··· Data section ···

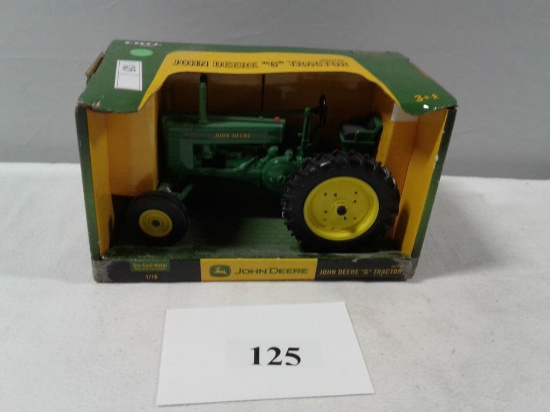 TOY TRACTOR ERTL JOHN DEERE G TRACTOR 1/16 WIDE FRONT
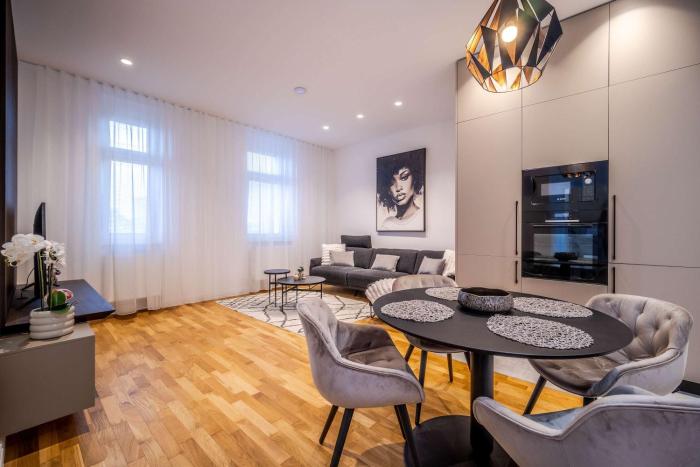 Old Town Design Apartment for 5 - Balcony & AC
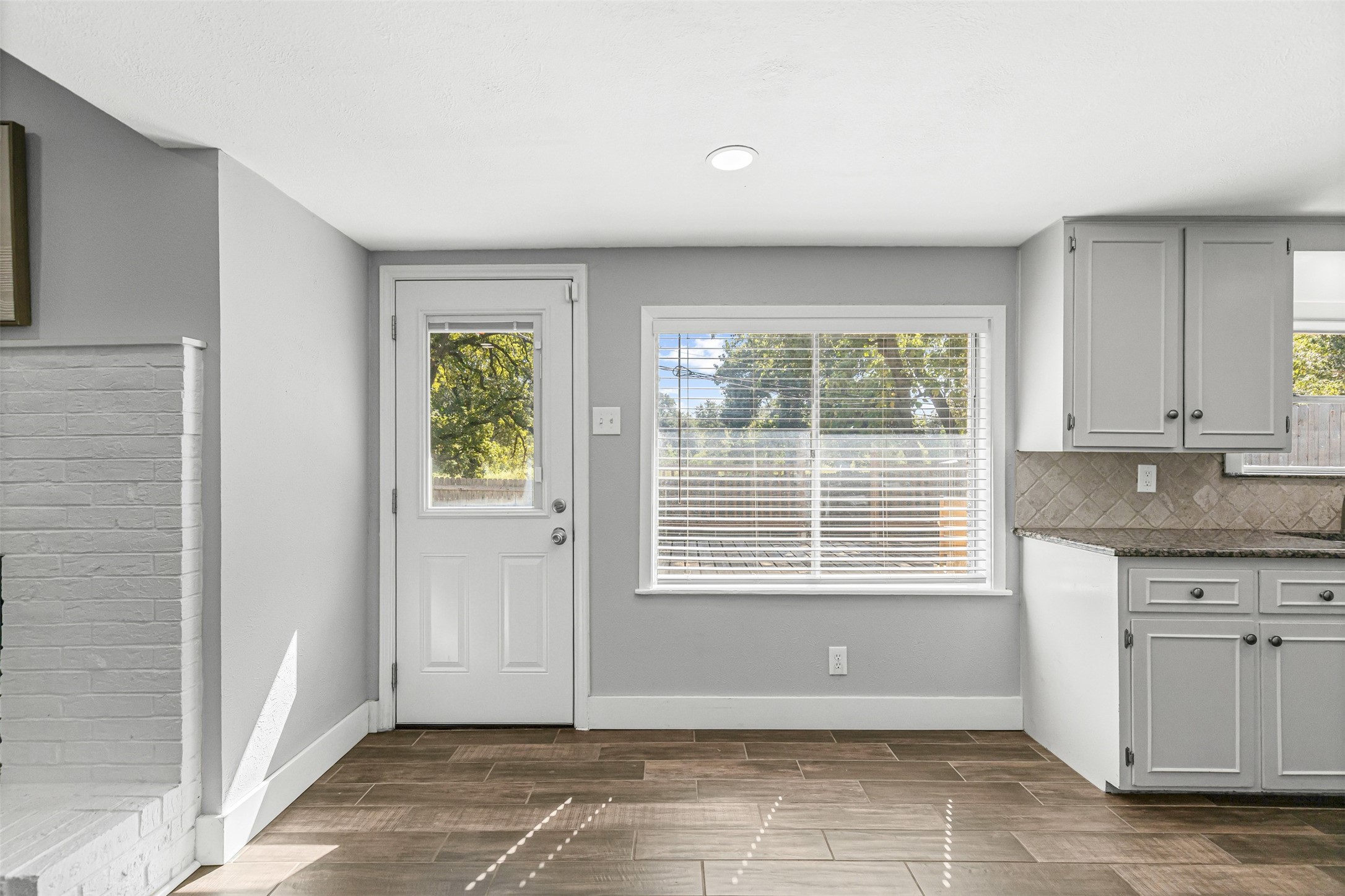 604 E Mitchell Street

···

Work to complete: Could you set down word for word each line from the one holding "Old Town Design" through the end of the material above, without any pictures?

Result of this exercise:
 Old Town Design Apartment for 5 - Balcony & AC
 604 E Mitchell Street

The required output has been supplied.